What the task asks
Transcribe every entry word for word, but skip the images.

Crawled caption data
==============================

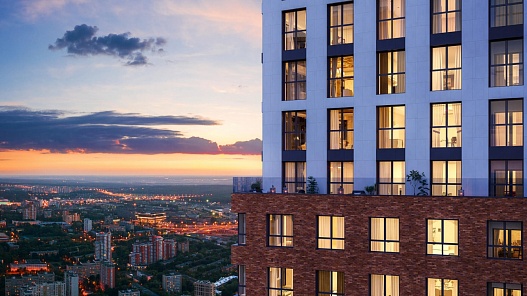 Photo: ЖК Кутузов Град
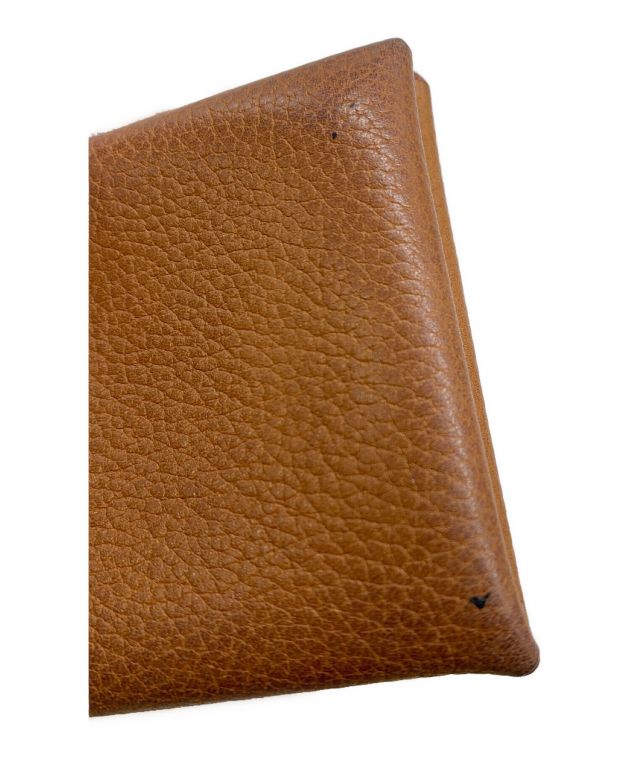 新品未使用⭐️エルメス　カルヴィ 中古・古着通販】HERMES (エルメス) カルヴィ / カードケース ブラウン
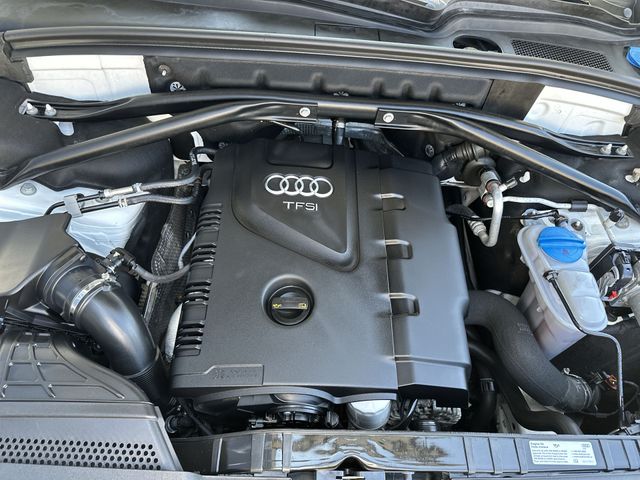 Used 2016 White Audi 2.0T Premium Plus image 29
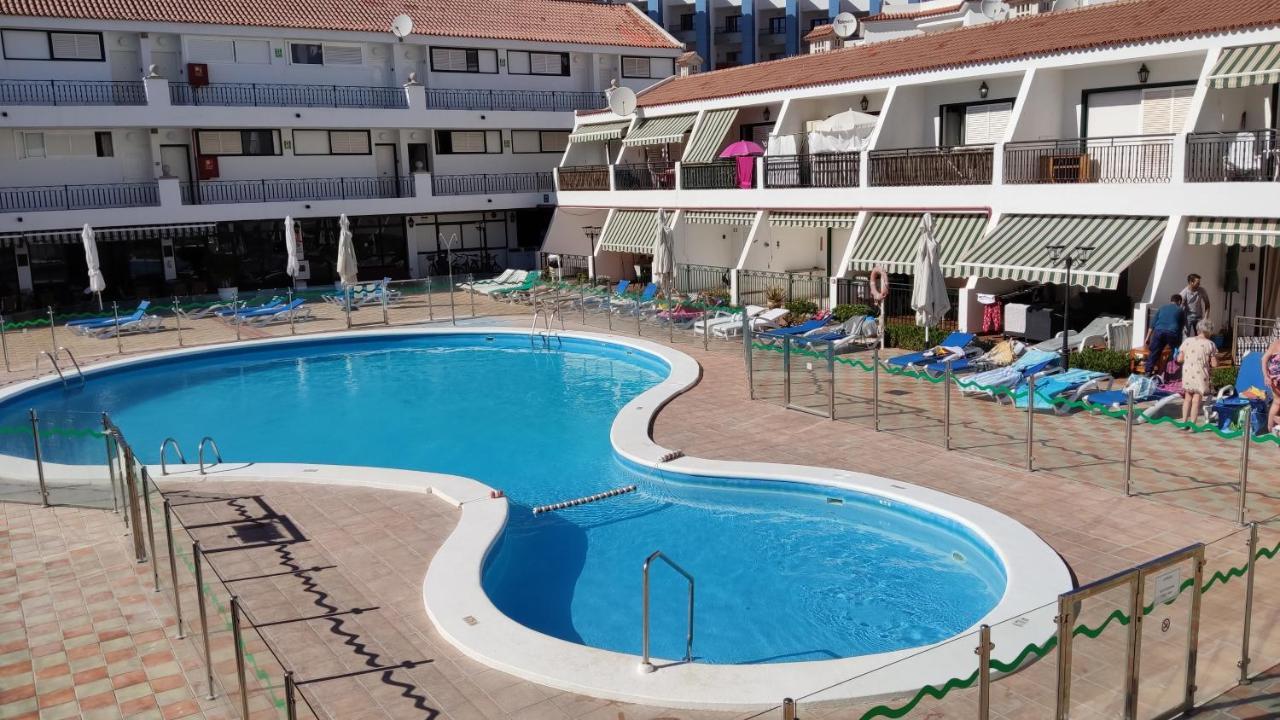 El Sol Chipeque, Los Cristianos Estudio Exterior photo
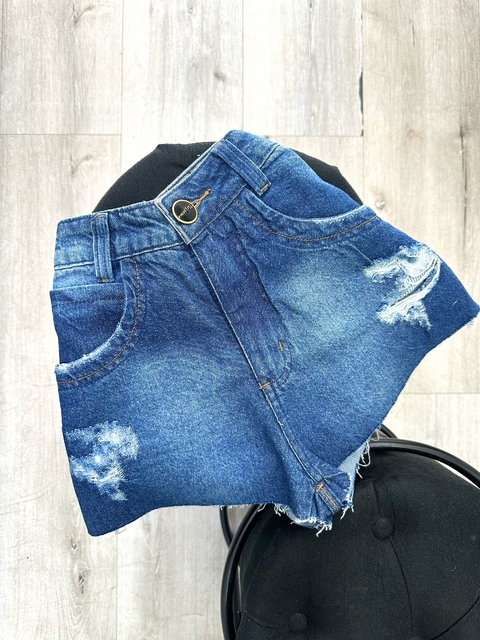 SHORTS JEANS ANA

==============================

Finished exercise
 Photo: ЖК Кутузов Град
 新品未使用⭐️エルメス　カルヴィ 中古・古着通販】HERMES (エルメス) カルヴィ / カードケース ブラウン
 Used 2016 White Audi 2.0T Premium Plus image 29
 El Sol Chipeque, Los Cristianos Estudio Exterior photo
 SHORTS JEANS ANA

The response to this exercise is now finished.